▶ **Data for this task**
┌────────
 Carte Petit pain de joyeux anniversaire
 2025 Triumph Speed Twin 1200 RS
└────────
┌────────
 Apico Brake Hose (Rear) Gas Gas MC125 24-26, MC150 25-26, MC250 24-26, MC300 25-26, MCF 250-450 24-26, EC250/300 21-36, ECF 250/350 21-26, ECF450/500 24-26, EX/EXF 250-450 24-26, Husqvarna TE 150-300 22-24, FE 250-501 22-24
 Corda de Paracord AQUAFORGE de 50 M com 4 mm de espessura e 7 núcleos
└────────
┌────────
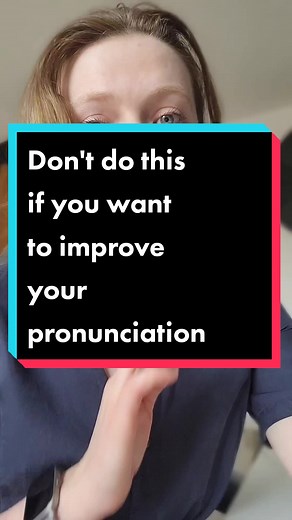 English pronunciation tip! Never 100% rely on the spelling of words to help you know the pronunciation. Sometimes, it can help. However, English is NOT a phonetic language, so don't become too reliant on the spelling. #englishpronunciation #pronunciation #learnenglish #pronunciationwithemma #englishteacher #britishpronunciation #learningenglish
└────────
▶ **Task to complete**
The lines above from the one containing "Carte Petit pain de joyeux anniversaire" through the one containing "2025 Triumph Speed Twin 1200 RS" are to be set down exactly, and no others.

▶ **Answer for the task**
 Carte Petit pain de joyeux anniversaire
 2025 Triumph Speed Twin 1200 RS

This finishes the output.